The forum was organised by the Lagos State Ministry of Agriculture, in collaboration with the Lagos State Coconut Development Authority (LASCODA).
They said the research should reduce the gestation period from four years to one year to attract more investors into the value chain.
Theme of the forum was: “Addressing the Bottlenecks in the Coconut Value Chain to Ensure Sustainable Development in a 21st Century Economy.”
The State Commissioner for Agriculture, Ms Abisola Olusanya, presented the 19-point resolution at the end of the forum.
The resolution included the need to encourage intercropping with other arable crops such as pineapple, cotton, maize and soya beans to ensure quick returns and the need to rebrand coconut in order to attract youths to the value chain.
“Provide an enabling environment for Public Private Partnership with the private sector and other individuals.
“Encourage planting of coconut tree in our homes and environment and establishment of tissue culture laboratory for growing viable planting materials.
“Collaboration between NIFOR and LASCODA in providing planting materials; trade issues and land issues can be facilitated by the Federal Ministry of Industry, Trade and Investment and partners and increase sensitisation on the health, economic and environmental benefits of coconut,” Olusanya said.
She said stakeholders called for a strong partnership with the Nigeria Agribusiness and Agro-Industry Development Initiative for the development of the value chain; increased daily consumption of coconut and the setting up of a committee for the replacement of old coconut palms.
Olusanya said they urged families with land to allocate their lands through an MOU for the production of coconut; called on the Lagos State University Research Institute to work with NIFOR on research in the production of coconut as well as the identification of key entry points of coconut into the country.
The commissioner said that they also called for a closed-door meeting with the Customs and other security agencies to proffer a sustainable solution to the challenges of border transportation.
“To also conduct a baseline study of the entire value chain to understand the operations within the coconut Industry to ensure ease of doing business; synergy among MDAs in the coconut value chain development.
“Rehabilitation of the coastal line through partnership with the private sector and establishment of a standard operating procedure on the importation of coconut,” she said.
According to her, the state government, has in its plan this year, to establish the Coconut Processing Factory in Badagry in conjunction with the private sector.
“We have thrown it open so that private investors who have seen the potentials in coconut can partner with us and invest.
“We have a budgetary allocation to work with, the private sector should also come with what they have and we will partner together in establishing this,” Olusanya said.
In his remarks, the Deputy Director, Federal Ministry of Industry, Trade and Investment, Kaura Irimiya, said the Federal Government had turned its attention from oil to non-oil sector.
Irimiya, who represented the Permanent Secretary in the Ministry, said the country had neglected the crop for too long in spite of the potential in the country.

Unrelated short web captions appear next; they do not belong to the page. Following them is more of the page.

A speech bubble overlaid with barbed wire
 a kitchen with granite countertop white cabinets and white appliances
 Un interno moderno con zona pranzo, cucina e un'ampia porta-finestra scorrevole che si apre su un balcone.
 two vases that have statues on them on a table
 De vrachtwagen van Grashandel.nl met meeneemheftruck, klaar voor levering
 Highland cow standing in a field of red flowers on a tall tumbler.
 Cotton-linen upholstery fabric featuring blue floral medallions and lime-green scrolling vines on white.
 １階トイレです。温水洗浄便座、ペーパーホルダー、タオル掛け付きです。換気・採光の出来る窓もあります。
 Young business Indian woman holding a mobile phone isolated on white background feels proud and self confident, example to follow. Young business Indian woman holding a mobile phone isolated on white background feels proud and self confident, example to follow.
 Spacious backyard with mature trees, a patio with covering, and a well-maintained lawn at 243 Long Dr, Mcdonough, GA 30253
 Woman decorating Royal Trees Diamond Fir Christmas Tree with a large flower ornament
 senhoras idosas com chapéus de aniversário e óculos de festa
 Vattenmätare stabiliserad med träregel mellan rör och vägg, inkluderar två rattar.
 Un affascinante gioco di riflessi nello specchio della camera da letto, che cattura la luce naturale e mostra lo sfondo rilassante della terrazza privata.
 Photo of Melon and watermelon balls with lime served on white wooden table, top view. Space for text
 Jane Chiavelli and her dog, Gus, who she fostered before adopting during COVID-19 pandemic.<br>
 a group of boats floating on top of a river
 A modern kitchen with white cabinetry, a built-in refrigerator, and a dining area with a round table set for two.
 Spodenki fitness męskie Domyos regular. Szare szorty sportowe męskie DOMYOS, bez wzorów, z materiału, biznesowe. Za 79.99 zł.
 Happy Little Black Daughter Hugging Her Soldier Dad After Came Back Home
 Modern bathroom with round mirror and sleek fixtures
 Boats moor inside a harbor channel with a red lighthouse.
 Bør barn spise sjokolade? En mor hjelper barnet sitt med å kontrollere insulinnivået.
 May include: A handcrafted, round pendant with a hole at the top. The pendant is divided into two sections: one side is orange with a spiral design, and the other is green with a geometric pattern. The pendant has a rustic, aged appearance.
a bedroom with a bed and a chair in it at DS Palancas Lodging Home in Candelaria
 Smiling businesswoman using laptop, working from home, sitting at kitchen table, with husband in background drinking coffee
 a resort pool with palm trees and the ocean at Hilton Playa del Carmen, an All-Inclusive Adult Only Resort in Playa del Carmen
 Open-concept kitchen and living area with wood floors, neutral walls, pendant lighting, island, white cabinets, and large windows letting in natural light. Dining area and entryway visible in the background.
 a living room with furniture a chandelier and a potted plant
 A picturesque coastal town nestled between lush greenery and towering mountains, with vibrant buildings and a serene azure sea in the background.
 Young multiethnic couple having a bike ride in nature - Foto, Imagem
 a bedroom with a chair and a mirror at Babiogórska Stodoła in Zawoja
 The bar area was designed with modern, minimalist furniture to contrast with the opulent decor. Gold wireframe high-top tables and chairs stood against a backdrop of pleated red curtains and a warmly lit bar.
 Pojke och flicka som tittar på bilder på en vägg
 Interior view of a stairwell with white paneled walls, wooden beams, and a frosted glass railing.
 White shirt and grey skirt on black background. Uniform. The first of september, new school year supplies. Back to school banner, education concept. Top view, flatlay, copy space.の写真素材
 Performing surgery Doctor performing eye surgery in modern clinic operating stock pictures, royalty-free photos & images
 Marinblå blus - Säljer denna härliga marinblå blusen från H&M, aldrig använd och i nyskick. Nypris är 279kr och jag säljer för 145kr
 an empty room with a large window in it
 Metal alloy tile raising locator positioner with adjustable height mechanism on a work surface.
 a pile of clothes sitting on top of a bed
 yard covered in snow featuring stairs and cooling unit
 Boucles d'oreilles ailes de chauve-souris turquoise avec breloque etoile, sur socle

He said the government had endorsed a six-year programme tagged, COSIN (Coconut Sufficiency in Nigeria), championed by the National Association of Coconut Producers, Processors and Marketers in Nigeria (NAPPCOPMA).
Also, Ben Ukaffah, Director, Training in the Ministry, said other countries were making huge earnings from coconut, adding that Indonesia was now the largest producer of coconut, followed by Philippines and India.
“If you check the major producers of coconut, Africa is not one; we are just managing to produce a little over 300,000 metric tons when Indonesia is already producing 17.3 million.
“We need to step up. There is global competitiveness and it is projected that by 2026, the global coconut earning will hit about 31billion dollars.
“Nigeria should key into this global competitiveness so that we can generate some foreign exchange from coconut,” he said.
Earlier, Hakeem Adeniji, the Permanent Secretary, Lagos State Ministry of Agriculture, said the state government was ready to encourage commercialisation of coconut for both local and export markets.
Adeniji reiterated the commitment of the state government to support coconut farmers, processors, marketers, haulage operators, producers, among others, on food security, jobs and wealth creation and tourism.
“Seventy per cent of the total production from Nigeria is produced in Lagos State and ranks Nigeria 19th in the World Coconut producing Countries.
“In addition, close to 80 per cent of the coconut value chain activities, especially in the area of supply of improved seedlings to Commercial Coconut Growers in other 26 Coconut producing States of Nigeria is currently being driven from and by Lagos State.
“It has about three million trees with annual production of 200 million husked nuts, while about 20,000 small scale farming families derive their livelihood from it and the number increases daily,” he said.